2) #define va_start(ap,parmN) ap = (char *)&__builtin_va_alist
3) when find.c see this reference to __builtin_va_alist, it should construct a
special cfront name node. When name::print sees that node it should print
its name literally, without adding any mangling.
4) the same trick is needed, with the name va_alist, for Ultrix/MIPS and HPUX.
5) the net result, in generated C code, looks like:
void var_proc (a, b, c, __builtin_va_alist)
int a;
float b;
char * c;
{
char * val;
val = &__builtin_va_alist;
...
}
==============================================================================
Q125: GNU C++ (g++) produces big executables for tiny programs; Why?
A: libg++ (the library used by g++) was probably compiled with debug info (-g).
On some machines, recompiling libg++ without debugging can save lots of disk
space (~1 Meg; the down-side: you'll be unable to trace into libg++ calls). Merely `strip'ping the executable doesn't reclaim as much as recompiling without -g followed by subsequent `strip'ping the resultant `a.out's.

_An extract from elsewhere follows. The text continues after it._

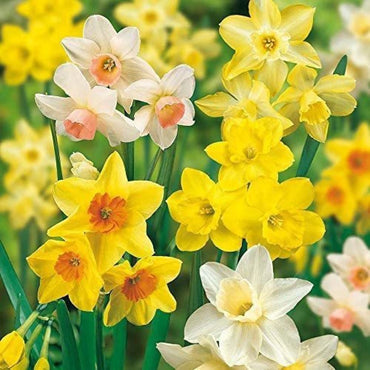 Early Spring Flowering Daffodil Mixture Seeds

Use `size a.out' to see how big the program code and data segments really are
rather than `ls -s a.out' which includes the symbol table.
==============================================================================
Q126: Is there a yacc-able C++ grammar?
A: Jim Roskind is the author of a yacc grammar for C++. It's roughly compatible
with the portion of the language implemented by USL cfront 2.0. Jim's grammar
deviates from cfront (and the ARM) in a couple of what I understand to be minor
ways. Ultimately any deviation from a standard is unthinkable, but the number
of real programs that are interpreted differently is relatively small, so the
`consequence' of the deviation is not great.

I have used Jim's grammar when a grad student wrote a C++ templatizer mechanism
(reads ANSI-C++, spits out pre-templates C++), but my expertise does not include precise knowledge of where the grammar deviates from `official'. I have found it to parse most things correctly, but I am aware that there are differences. (is that noncommittal enough? :-)

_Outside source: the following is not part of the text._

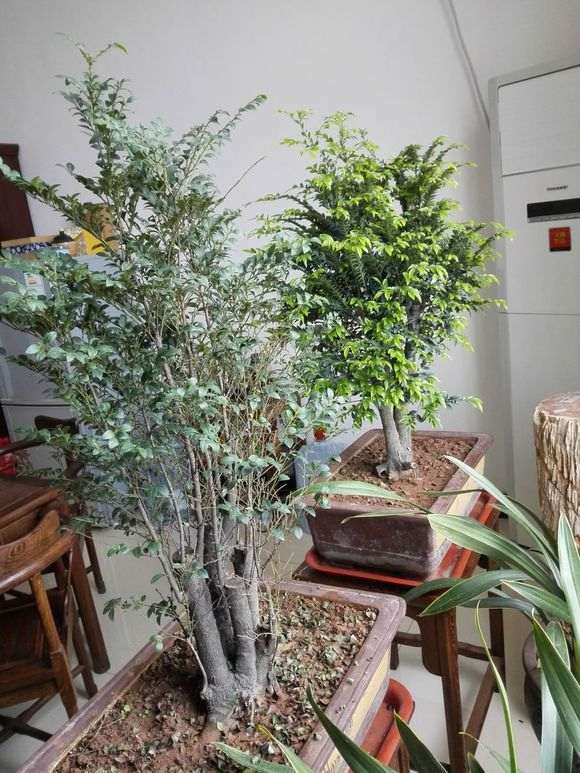 黑骨茶下山桩的树干能做手串吗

The grammar can be accessed by anonymous ftp from the following sites:
* ics.uci.edu (128.195.1.1) in the ftp/gnu directory (even though neither of the archives are GNU related) as:
c++grammar2.0.tar.Z and byacc1.8.tar.Z
* mach1.npac.syr.edu (128.230.7.14) in the ftp/pub/C++ directory as:
c++grammar2.0.tar.Z and byacc1.8.tar.z

Jim Roskind can be reached at jar@hq.ileaf.com or ...!uunet!leafusa!jar
==============================================================================
Q127: What is C++ 1.2? 2.0? 2.1? 3.0?
A: These are not versions of the language, but rather versions of the USL translator, cfront. However many people discuss these as levels of the language as well, since each of the above versions represents additions to the portion of the C++ language which is implemented by the compiler. When ANSI/ISO C++ is finalized, conformance with the ANSI/ISO spec will become more important than conformance with cfront version X.Y, but presently, cfront is acting as a de facto standard to help coordinate the industry (although it leaves certain features of the language unimplemented as well).

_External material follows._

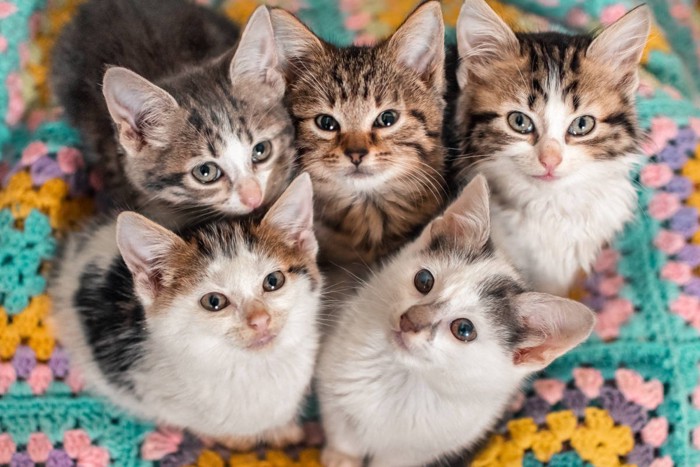 可愛い子猫たち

*VERY* roughly speaking, these are the major features:
* 2.0 includes multiple/virtual inheritance and pure virtual functions.
* 2.1 includes semi-nested classes and `delete [] ptr_to_array'.
* 3.0 includes fully-nested classes, templates and `i++' vs `++i'.
*?4.0? will include exceptions.
==============================================================================
Q128: How does the lang accepted by cfront 3.0 differ from that accepted by 2.1?
A: USL cfront release 3.0 provides implementations of a number of features that
were previously flagged as `sorry not implemented':
templates, fully nested types, prefix and postfix increment and decrement
operators, initialization of single dimension arrays of class objects with
ctors taking all default arguments, use of operators &&, , and ?: with
expressions requiring temporaries of class objects containing destructors,
and implicit named return values.

The major feature not accepted by cfront 3.0 is exceptions.
==============================================================================
Q129: Why are exceptions going to be implemented after templates? Why not both?
A: Most C++ compiler vendors are providing templates in their present release,
but very few are providing exceptions (I know of only one). The reason for going slowly is that both templates and exception handling are difficult to implement *well*. A poor template implementation will give slow compile and link times and a poor exception handling implementation will give slow run times. Good implementations will not have those problems.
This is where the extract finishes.